Why is dedicated plumbers’ insurance is so important for your business?

If you run a plumbing business, you can probably readily vouch for how much the modern plumbing sector differs from the stereotypical image of an overalls-clad man with his head beneath a kitchen sink. These days, plumbing comes with a vast range of responsibilities – but also risks.

While you might often find yourself called out to swiftly deal with urgent situations such as leaking pipes, plumbing services can also stretch to elaborate installations, like those of bathrooms and energy-efficient alternative fuel sources. It’s clear, then, that plumbers can have specialist needs.

Those needs can extend to their insurance. There are many hurdles that you need to jump over in order to excel as a plumber, which probably helps to explain why the work can occasionally go wrong. Ideally, you should go to great lengths to avoid adding to the catalogue of horror stories about plumbers.

You might have long thought that insurance must come into play only after disaster has struck; however, in a way, it can also help you to avoid struggles arising in the first place. Confused? After reading this in-depth guide to the importance of dedicated plumbers’ insurance, you won’t be.

The plumbing sector’s reputation has undoubtedly been stained

Have you often tasked plumbers with arriving at your home or corporate premises to carry out plumbing services? If so, you might have come across plumbers who not only arrive late but also do the job in a disorganised and half-baked fashion, leaving you ruing the moment you chose that person.

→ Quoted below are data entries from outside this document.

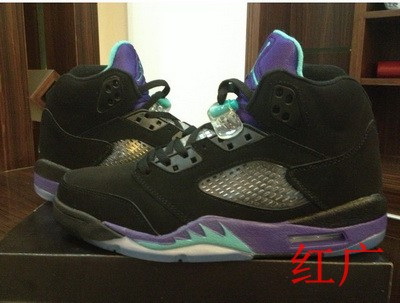 Perfect Jordan 5 AAA Quality-001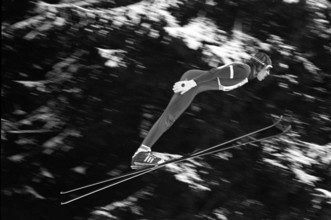 Four Hills Tournament, Innsbruck 1975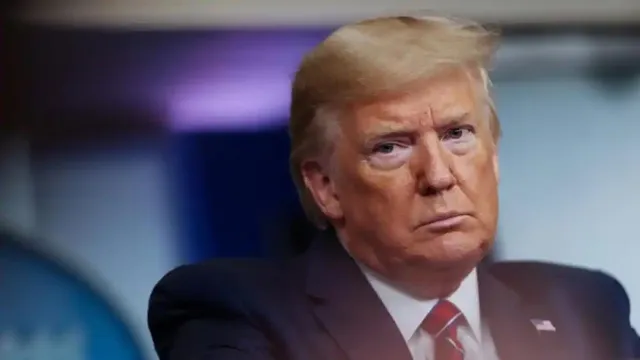 ଭାରତୀୟ ବୃତ୍ତିଧାରୀଙ୍କୁ ଝଟକା, ଏଚ୍-୧ବି ଭିସା କଟକଣାରେ ଟ୍ରମ୍ପଙ୍କ ସ୍ବାକ୍ଷର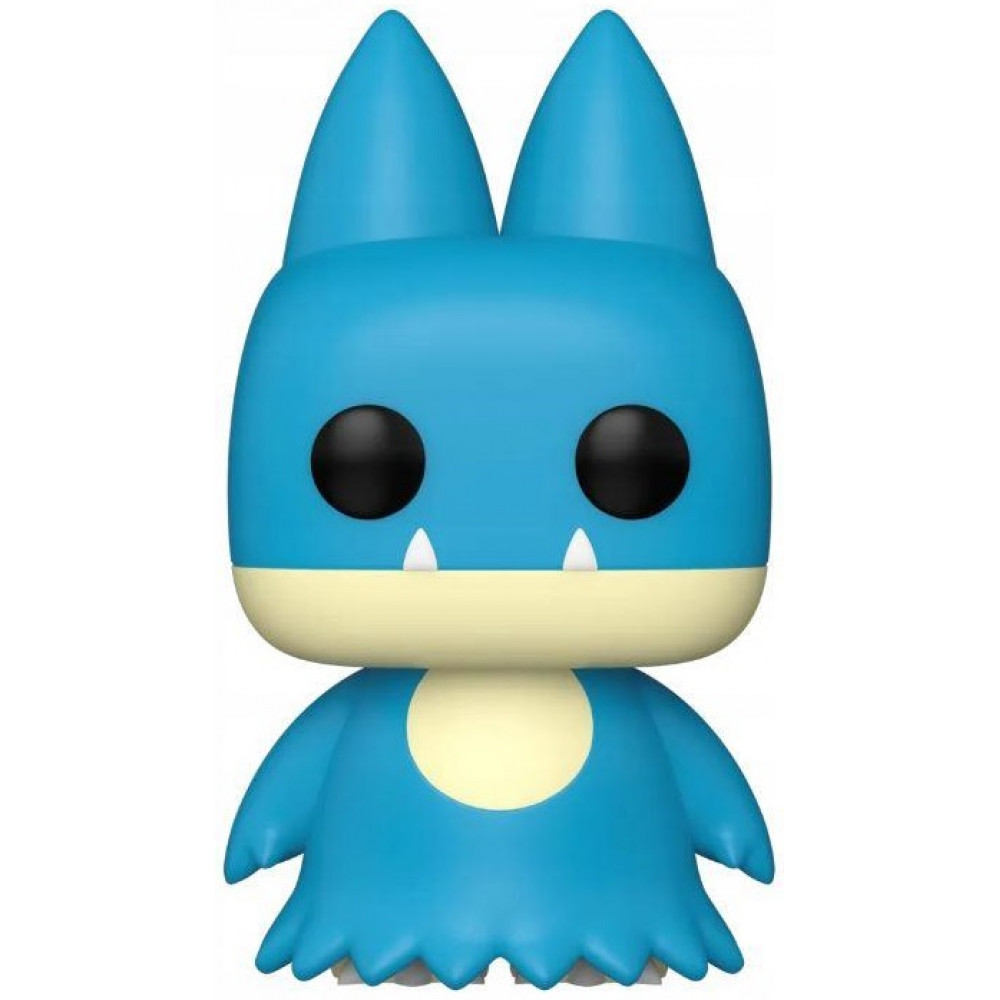 Фігурка Funko POP Games: Pokemon - Munchlax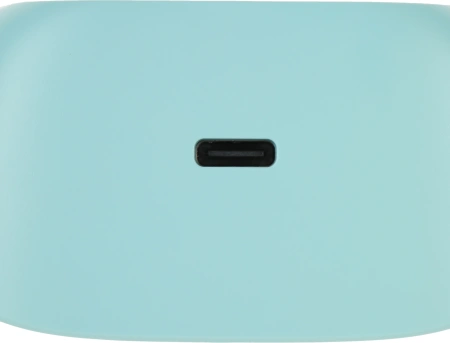 Гарнитура вкладыши JBL Wave Buds мятный беспроводные bluetooth (JBLWBUDSMIT)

Sadly, stereotypes like this are rife and have risked even competent plumbers struggling to shake off the stench of the industry’s blighted reputation. However, none of this is to say that you can’t develop a solid reputation for your own plumbing business, as we will elaborate…

You can also trust that, as awareness spreads of the Wild West that the plumbing world can sadly occasionally be, prospective customers, will take matters into their own hands and become their own sheriffs. For them, a major motivating factor is that over four million of us have been left with our residences damaged or someone hurt as a result of self-employed people’s work, as reported by the Mirror.

“Do you have insurance?”

Don’t be surprised if, as time goes by, more and more of your customers start asking this question before allowing you to get down to work. It would certainly be a worthwhile question for them to ask – and your answer could feed into the customer’s perception of your reliability.

After all, of professional full-time tradespeople who work in the home, almost a fifth continue to work without insurance. Therefore, if you can confirm in response to a customer’s request that you indeed have insurance, this could reflect very positively on you in their eyes.

However, given a recent statistic showing that only one in 25 people inquire whether a tradesperson entering their home for work has insurance, you might not want to wait until you are asked yourself. Instead, you could advertise your insurance on your company’s website.

What types of insurance do you actually need?

Various strands of insurance are available to businesses, but which of those covers your own plumbing firm’s requirements might have long escaped your knowledge. Indeed, “requirements” is, in a sense, a relative word – although one form of insurance could prove legally mandatory…

That cover is employer’s liability insurance, which you will probably need if you employ any staff. You might have opted to recruit extra personnel rather than remain a one-man band, as a way of furthering your firm’s expertise and so enhancing its image.

Startups.co.uk cites employer’s liability as cover that staff-employing plumbing businesses will need, but there remain a few noteworthy exceptions to the legal necessity of it. For example, you wouldn’t need it for a limited company with just one employee owning at least 50% of its issued share capital.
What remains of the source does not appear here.